Blaise Pascal avait bien prévenu : « Tous les malheurs des hommes viennent de ce qu’ils ne savent pas se tenir en repos dans leur chambre. » Cette image renvoie à la nécessité de la mesure, à la maîtrise de l’hubris, aux valeurs d’humilité et de modestie, au silence et à la réflexion, toutes choses dont nous sommes devenus incapables, persuadés d’être immortels. Voilà le fond du problème : la disparition de la mort des radars modernes, l’inacceptation de notre finitude. Nous avons cru bien naïvement au mensonge de la Technique qui professait une immortalité imminente et à la portée de tous. Cela nous a rendu fous, et nous avons fait le choix inouï de la servitude volontaire à la matérialité, au bruit continu, à la cacophonie incessante, au bavardage ininterrompu, à l’illusion de vivre par l’agitation et le remplissage minuté des agendas, en guettant anxieusement, souvent sous neuroleptiques, l’éternité promise non plus par Dieu mais par le transhumanisme.

Si nous écoutons Flaubert, il faut pourtant se défier de l’air du temps : « Voulez-vous ne pas vous tromper ? Tenez pour fausses toutes les idées chères à notre temps. » Régis Debray étaye l’affirmation : « La chance m’a été donnée de voir défiler, rive gauche, sur un demi-siècle, le prophétique tous talents -philosophe, romancier, chansonnier, dramaturge, scénariste, critique d’art, vaudevilliste : Jean-Paul Sartre. Ensuite, détrônant le premier, le spécifique, menant d’admirables et pointilleuses enquêtes sur l’asile, la clinique, la prison, les tribunaux : Michel Foucault.

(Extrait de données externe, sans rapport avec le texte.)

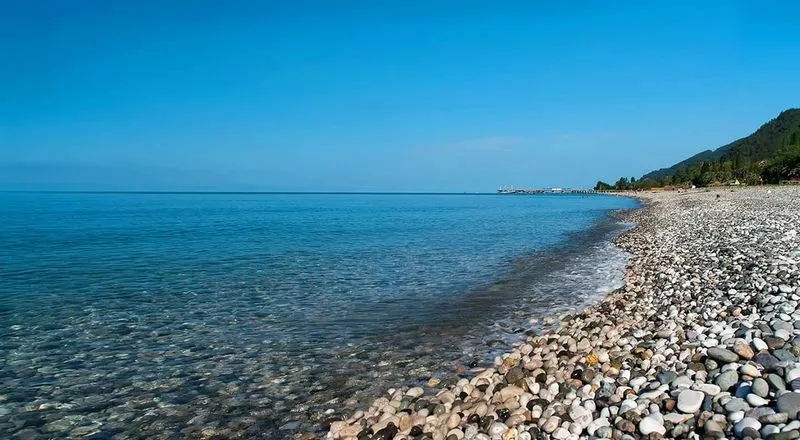 Центральный пляж Дагомыса. Фото взято с сайта: черное-море-юг.рф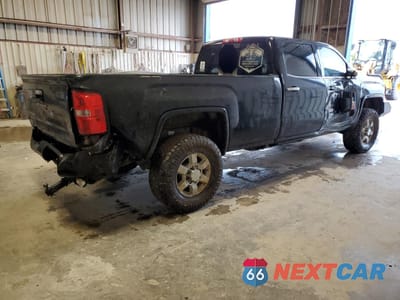 Trzecie zdjęcie samochodu z tyłu: 2015 GMC SIERRA K3500 DENALI VIN:1GT424E83FF655292 - miniatura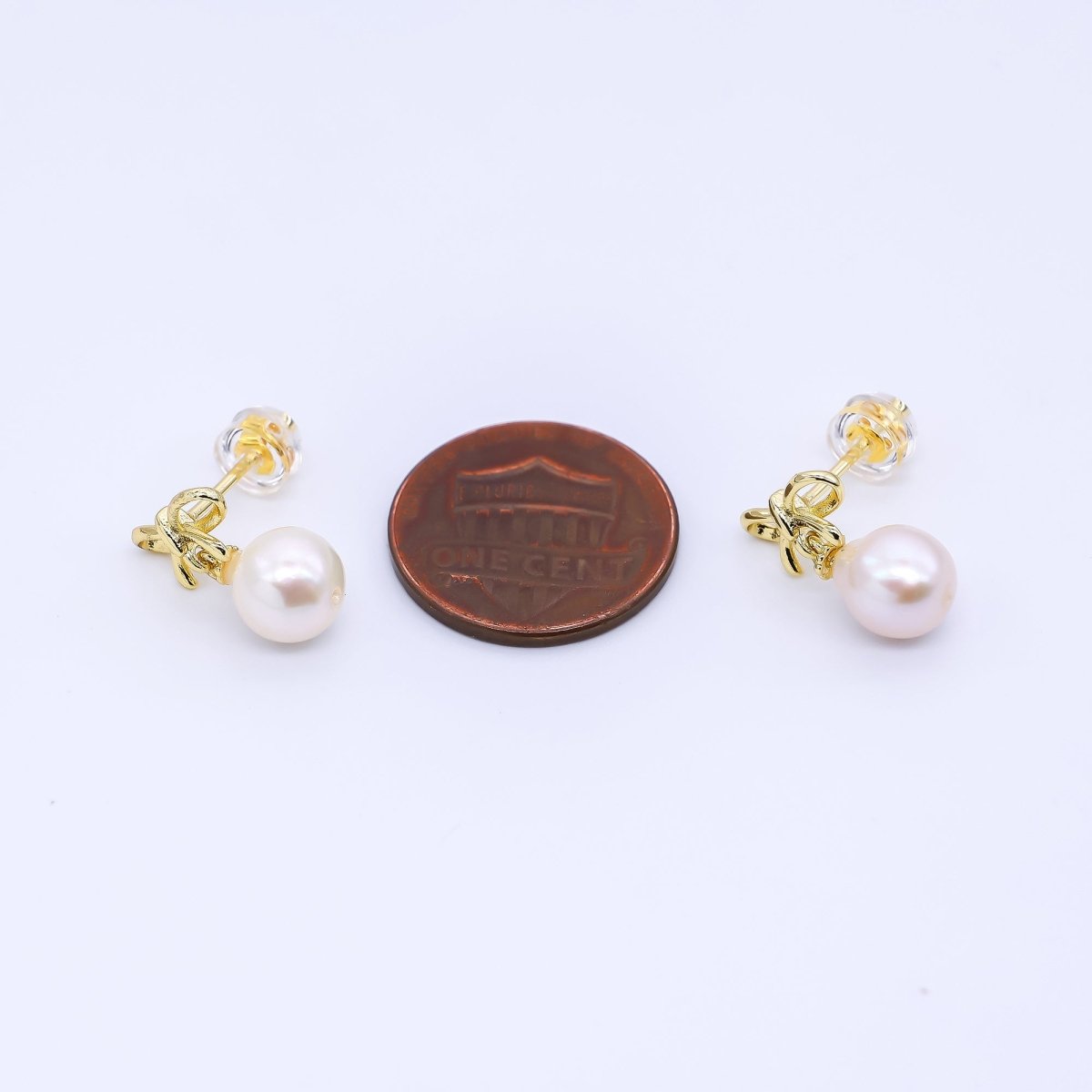 24K Gold Filled Freshwater Pearl Round Bow Tied Stud Earrings | Q - 417 - DLUXCA
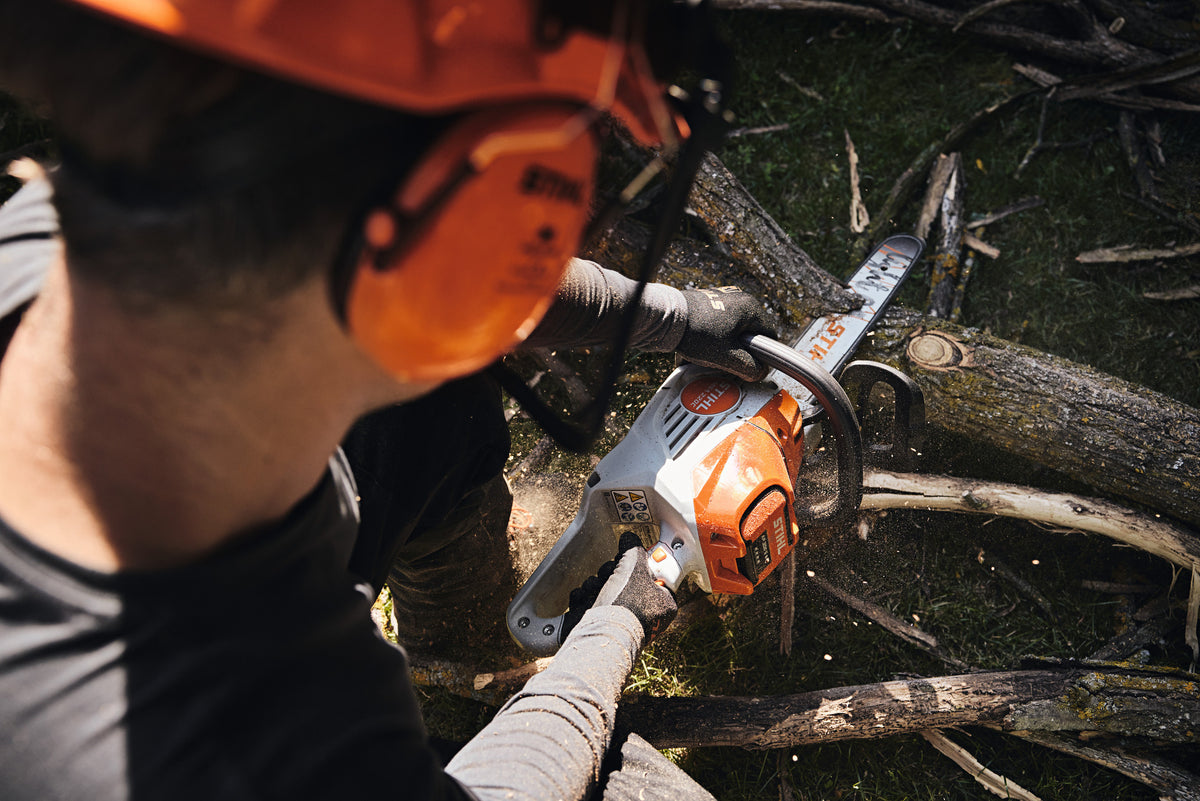 STIHL pilarka łańcuchowa akumulatorowa MSA 220 C-B 35 cm (bez akumulatora i ładowarki) - zdjęcie 5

Et enfin, le cathodique, se livrant vaillamment à la promotion tous azimuts du Bien et de sa personne. […] Sont exclus du champ ceux qui ne sont pas dans le champ. Aussi doit-on rejoindre, quand on veut peser, la filière spectacle, car c’est elle aujourd’hui qui dit le Bien et le Mal. […] Le numérique déclasse le cathodique. « Tous prêtres », disait Luther. « Tous juges », pourrait-il dire aujourd’hui, en lointain parrain de notre Réforme-bis, favorable, comme la première, à l’esprit d’entreprise et d’investigation. »

Quel piteux spectacle que notre monde moderne ! Par la grâce de l’audiovisuel, les sophistes triomphent auprès des followers, fans et groupies. Comme au IVème siècle avant Jésus-Christ, les sophistes ont pris la place des philosophes. Nous avons sciemment détruit la culture, jugée trop élitiste et trop inégalitaire ; nous avons adopté la posture du sachant campé sur son ego, ignorant qu’il est déculturé et décivilisé, mais qui clame fièrement : « Je suis humaniste, intervenant et debater ». Ce chemin de conversion au progressisme nous a permis d’appartenir au camp du Bien. Nous avons eu notre graal. Mais il constitue une bien cruelle croix.

O tempora, o mores… L’esprit critique, cet ange gardien, nous a quittés. Comme la liberté. L’horizon est d’un noir profond.